Die Tränen liefen langsam über meine Wangen, während ich wie erstarrt da stand und die geschlossene Tür anstarrte. War das alles noch real? War es möglich sich nach einem Kuss, nach einem Geheimnis, nach solchen Blicken in eine Person zu verlieben? Das kam mir so verwirrend vor und ich ließ mich einfach erschöpft in mein Bett fallen, während  die Tränen unaufhörlich auf mein Kissen fielen und mir damit zeigten, wie sehr ich ihn schon an mich herangelassen hatte...

***

Als ich morgens meine Augen langsam öffnete, wollte ich nur schnell wieder einschlafen. Mein Kopf tat mir weh, meine Augen fühlten sich geschwollen an und selbst das Piercing brannte unangenehm.  Würde ich jetzt an einer Blutvergiftung sterben, würde es mir schon gar nichts mehr ausmachen...

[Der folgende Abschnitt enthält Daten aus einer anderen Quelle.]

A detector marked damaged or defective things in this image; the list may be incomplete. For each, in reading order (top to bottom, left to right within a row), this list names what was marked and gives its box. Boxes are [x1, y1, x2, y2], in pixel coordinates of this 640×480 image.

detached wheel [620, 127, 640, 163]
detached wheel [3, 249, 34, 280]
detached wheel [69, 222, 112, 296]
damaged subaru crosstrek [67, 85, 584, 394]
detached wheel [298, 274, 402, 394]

Erschocken erhob ich mich und dachte über diesen Gedanken nach. Wie verbittert musste ich schon sein, wegen eines Jungen, den ich nichtmal eine Woche kannte, mich nach dem Tod zu sehen? Das war nicht ich und ich schämte mich dafür, so zu empfinden. Was ich in dem Augenblick um mich brauchte und zwar schnell, waren meine Freunde und gute Laune. Ich wollte wegen etwas, das nichtmal wirklich angefangen hatte, nicht am Ende sein.

Schnell stand ich auf, zog mir eine schwarze Jeans und eine weiße Bluse an und band meine braunen Haare zu einem hohen Dutt. Ich würde keine Träne mehr wegen ihm vergießen, erst recht nicht, nachdem mir bewusst wurde, das er wirklich etwas mit Chloe am laufen hatte.

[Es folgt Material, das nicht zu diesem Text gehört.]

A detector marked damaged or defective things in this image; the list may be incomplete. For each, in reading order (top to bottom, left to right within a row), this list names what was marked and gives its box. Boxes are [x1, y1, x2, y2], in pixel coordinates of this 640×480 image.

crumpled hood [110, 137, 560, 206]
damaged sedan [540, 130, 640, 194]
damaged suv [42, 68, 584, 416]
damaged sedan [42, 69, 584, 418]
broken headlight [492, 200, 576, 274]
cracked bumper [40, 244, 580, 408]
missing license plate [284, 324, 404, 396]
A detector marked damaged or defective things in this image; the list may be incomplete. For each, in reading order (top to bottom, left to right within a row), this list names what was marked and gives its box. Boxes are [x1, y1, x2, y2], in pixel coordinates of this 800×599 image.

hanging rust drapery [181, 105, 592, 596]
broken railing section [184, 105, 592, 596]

Ich verließ erhobenen Hauptes mein Zimmer und traf in der Küche dann ungewollt auf meine Mutter, die anscheinend heute von zu Hause aus arbeitete. Ihr Laptop stand auf dem Tisch und überall lagen Papiere rum.

"Guten Morgen, möchtest du einen Kaffe?", fragte sie mit einem Lächeln und ich wunderte mich darüber, das sie seit Papa weg war nicht einmal fragte, wie es mir geht. Immer nur ob ich was essen oder trinken wollte.  Dachte sie einfach meine Grundbedürfnisse zu stillen, würde sie zu einer guten Mutter machen?

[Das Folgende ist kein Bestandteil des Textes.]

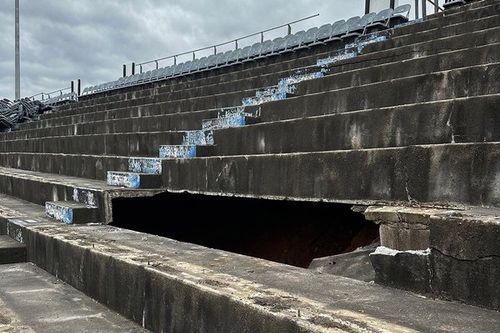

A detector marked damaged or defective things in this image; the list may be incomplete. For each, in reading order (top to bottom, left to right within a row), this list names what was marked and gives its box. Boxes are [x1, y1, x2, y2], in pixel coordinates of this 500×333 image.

peeling blue paint [129, 158, 162, 175]
peeling blue paint [107, 172, 141, 188]
peeling blue paint [46, 201, 74, 224]
broken concrete edge [0, 217, 402, 332] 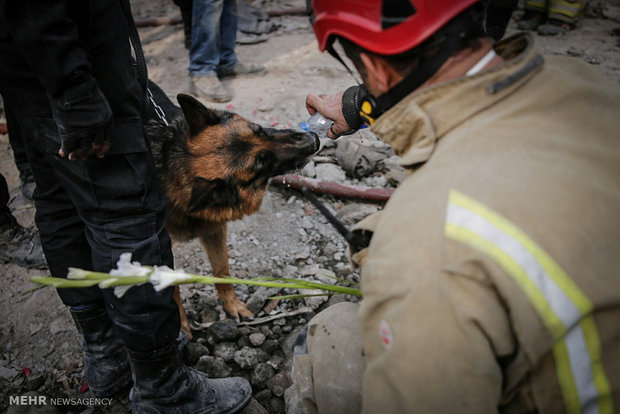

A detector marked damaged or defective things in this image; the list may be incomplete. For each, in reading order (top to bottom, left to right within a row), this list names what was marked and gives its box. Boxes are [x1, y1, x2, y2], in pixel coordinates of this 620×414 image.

rusty pipe [270, 173, 394, 202]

"Nein, danke. Ich wollte zu Micah", informierte ich sie und wollte zur Tür, doch da hörte ich Kiyan hinter mir und spürte bei seiner Stimme dieses miese Kribbeln im Magen, dass ich nicht mehr empfinden wollte.

"Ich komme mit. Ich hab was bei ihm vergessen", trat er neben mich und schaute mich so unschuldig an, als hätte er mir letzte Nacht nicht wehgetan.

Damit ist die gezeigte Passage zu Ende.